## About this task
Show all lines below holding the string "them".

Data for review section start

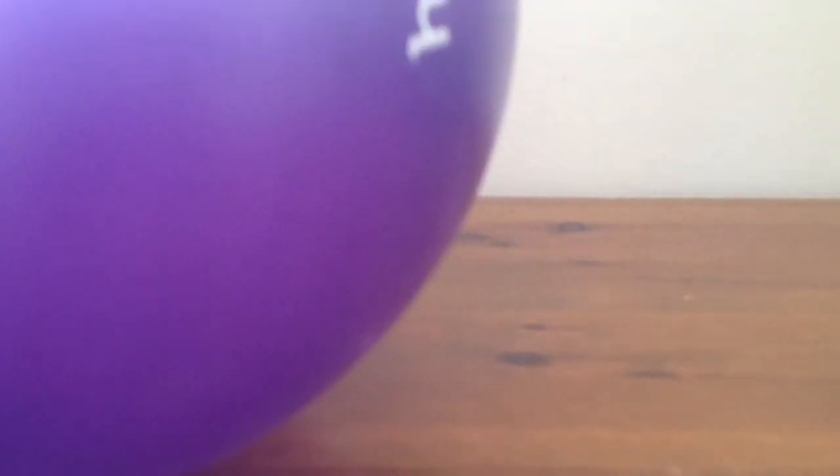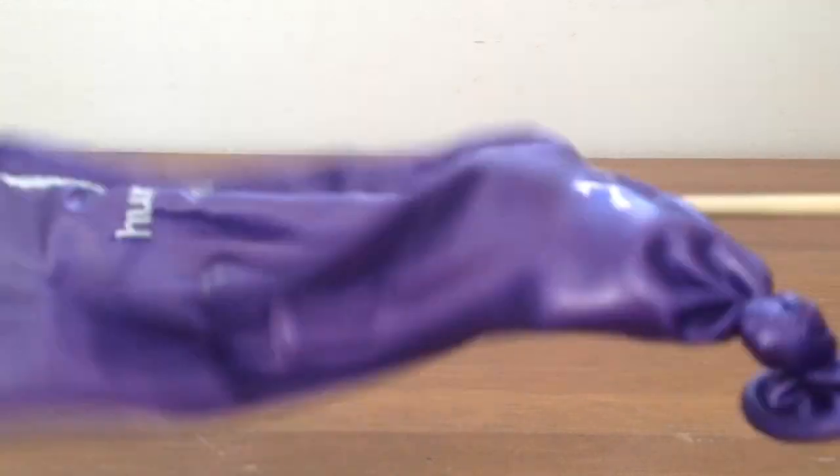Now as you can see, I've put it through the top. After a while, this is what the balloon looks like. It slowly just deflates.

Data for review section end
Data for review section start

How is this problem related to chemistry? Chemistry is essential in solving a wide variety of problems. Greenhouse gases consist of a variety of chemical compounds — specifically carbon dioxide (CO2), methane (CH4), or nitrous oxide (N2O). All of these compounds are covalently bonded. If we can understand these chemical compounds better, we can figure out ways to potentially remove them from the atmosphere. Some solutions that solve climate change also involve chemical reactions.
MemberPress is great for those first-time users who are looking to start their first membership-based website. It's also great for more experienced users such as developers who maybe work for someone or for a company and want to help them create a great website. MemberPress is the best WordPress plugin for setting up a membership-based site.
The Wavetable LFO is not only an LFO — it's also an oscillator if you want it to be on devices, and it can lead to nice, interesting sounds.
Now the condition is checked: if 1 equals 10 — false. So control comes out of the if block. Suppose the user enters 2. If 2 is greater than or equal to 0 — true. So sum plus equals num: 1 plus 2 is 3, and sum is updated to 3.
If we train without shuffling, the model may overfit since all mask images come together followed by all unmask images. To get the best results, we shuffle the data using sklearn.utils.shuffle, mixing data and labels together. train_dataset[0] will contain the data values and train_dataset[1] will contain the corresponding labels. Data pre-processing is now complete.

Data for review section end

## Exercise result
How is this problem related to chemistry? Chemistry is essential in solving a wide variety of problems. Greenhouse gases consist of a variety of chemical compounds — specifically carbon dioxide (CO2), methane (CH4), or nitrous oxide (N2O). All of these compounds are covalently bonded. If we can understand these chemical compounds better, we can figure out ways to potentially remove them from the atmosphere. Some solutions that solve climate change also involve chemical reactions.
MemberPress is great for those first-time users who are looking to start their first membership-based website. It's also great for more experienced users such as developers who maybe work for someone or for a company and want to help them create a great website. MemberPress is the best WordPress plugin for setting up a membership-based site.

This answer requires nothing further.